Convert HTML entities to Unicode and vice versa

Solution 1:

As to the "vice versa" (which I needed myself, leading me to find this question, which didn't help, and subsequently another site which had the answer):

u'some string'.encode('ascii', 'xmlcharrefreplace')

will return a plain string with any non-ascii characters turned into XML (HTML) entities.

Solution 2:

You need to have BeautifulSoup.

from BeautifulSoup import BeautifulStoneSoup
import cgi

def HTMLEntitiesToUnicode(text):
    """Converts HTML entities to unicode.  For example '&' becomes '&'."""
    text = unicode(BeautifulStoneSoup(text, convertEntities=BeautifulStoneSoup.ALL_ENTITIES))
    return text

def unicodeToHTMLEntities(text):
    """Converts unicode to HTML entities.  For example '&' becomes '&'."""
    text = cgi.escape(text).encode('ascii', 'xmlcharrefreplace')
    return text

text = "&, ®, <, >, ¢, £, ¥, €, §, ©"

uni = HTMLEntitiesToUnicode(text)
htmlent = unicodeToHTMLEntities(uni)

print uni
print htmlent
# &, ®, <, >, ¢, £, ¥, €, §, ©
# &amp;, &#174;, &lt;, &gt;, &#162;, &#163;, &#165;, &#8364;, &#167;, &#169;

Solution 3:

Update for Python 2.7 and BeautifulSoup4

Unescape -- Unicode HTML to unicode with htmlparser (Python 2.7 standard lib):

>>> escaped = u'Monsieur le Cur&eacute; of the &laquo;Notre-Dame-de-Gr&acirc;ce&raquo; neighborhood'
>>> from HTMLParser import HTMLParser
>>> htmlparser = HTMLParser()
>>> unescaped = htmlparser.unescape(escaped)
>>> unescaped
u'Monsieur le Cur\xe9 of the \xabNotre-Dame-de-Gr\xe2ce\xbb neighborhood'
>>> print unescaped
Monsieur le Curé of the «Notre-Dame-de-Grâce» neighborhood

Unescape -- Unicode HTML to unicode with bs4 (BeautifulSoup4):

>>> html = '''<p>Monsieur le Cur&eacute; of the &laquo;Notre-Dame-de-Gr&acirc;ce&raquo; neighborhood</p>'''
>>> from bs4 import BeautifulSoup
>>> soup = BeautifulSoup(html)
>>> soup.text
u'Monsieur le Cur\xe9 of the \xabNotre-Dame-de-Gr\xe2ce\xbb neighborhood'
>>> print soup.text
Monsieur le Curé of the «Notre-Dame-de-Grâce» neighborhood

Escape -- Unicode to unicode HTML with bs4 (BeautifulSoup4):

>>> unescaped = u'Monsieur le Curé of the «Notre-Dame-de-Grâce» neighborhood'
>>> from bs4.dammit import EntitySubstitution
>>> escaper = EntitySubstitution()
>>> escaped = escaper.substitute_html(unescaped)
>>> escaped
u'Monsieur le Cur&eacute; of the &laquo;Notre-Dame-de-Gr&acirc;ce&raquo; neighborhood'

Solution 4:

As hekevintran answer suggests, you may use cgi.escape(s) for encoding stings, but notice that encoding of quote is false by default in that function and it may be a good idea to pass the quote=True keyword argument alongside your string. But even by passing quote=True, the function won't escape single quotes ("'") (Because of these issues the function has been deprecated since version 3.2)

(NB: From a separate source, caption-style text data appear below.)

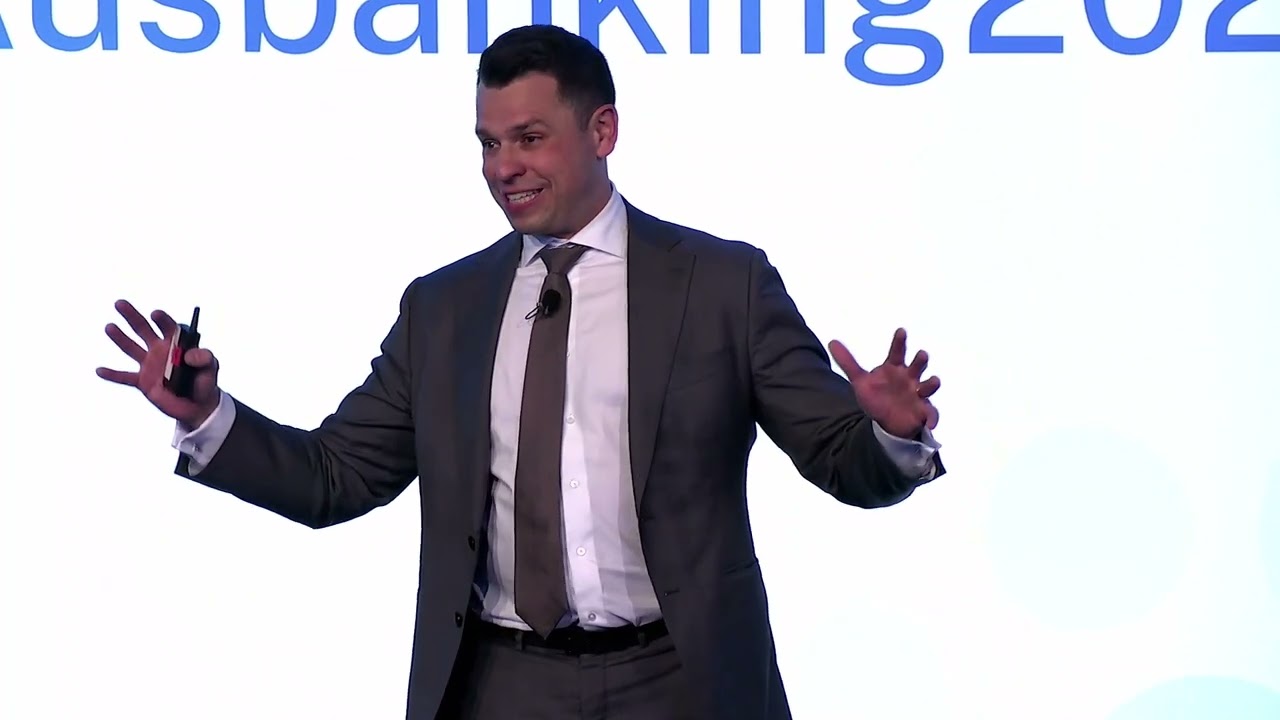 Simon Kuestenmacher | Ausbanking 2025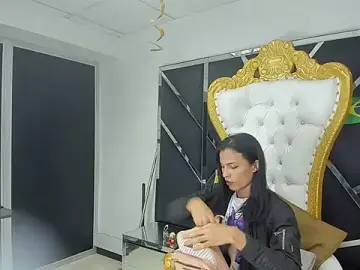 Stripchat Live Sex of Aisha_hotts777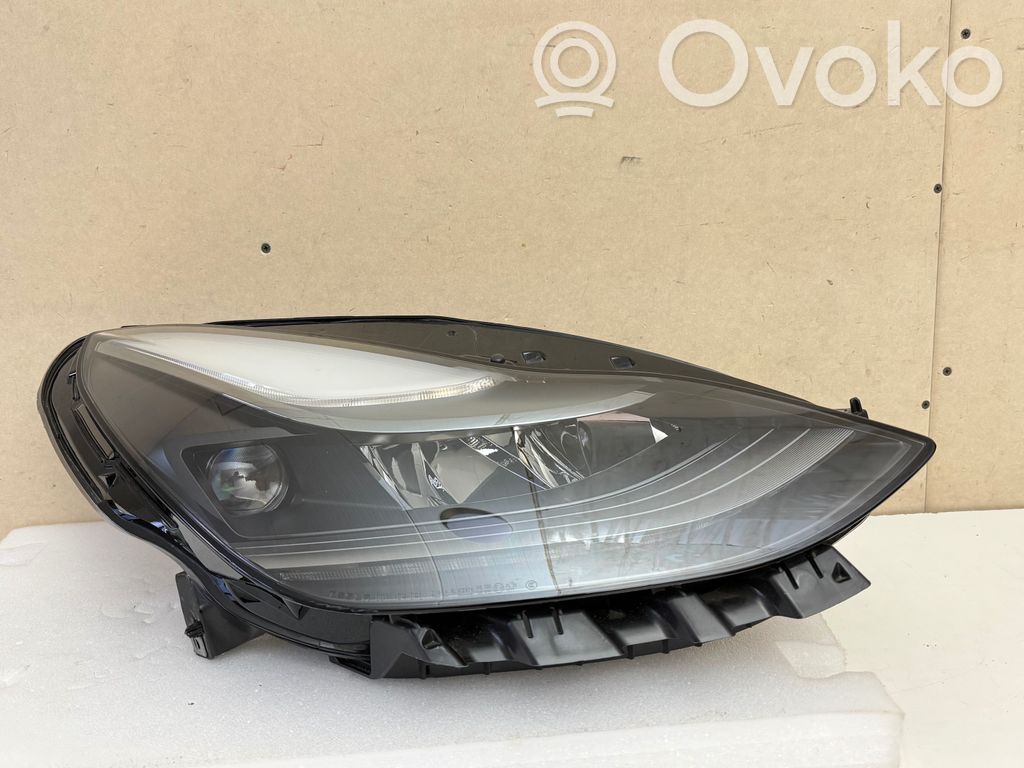 Tesla Model 3 Headlight/headlamp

It's been suggested to use html.escape(s) instead of cgi.escape(s). (New in version 3.2)

Also html.unescape(s) has been introduced in version 3.4.

So in python 3.4 you can:

  • Use html.escape(text).encode('ascii', 'xmlcharrefreplace').decode() to convert special characters to HTML entities.
  • And html.unescape(text) for converting HTML entities back to plain-text representations.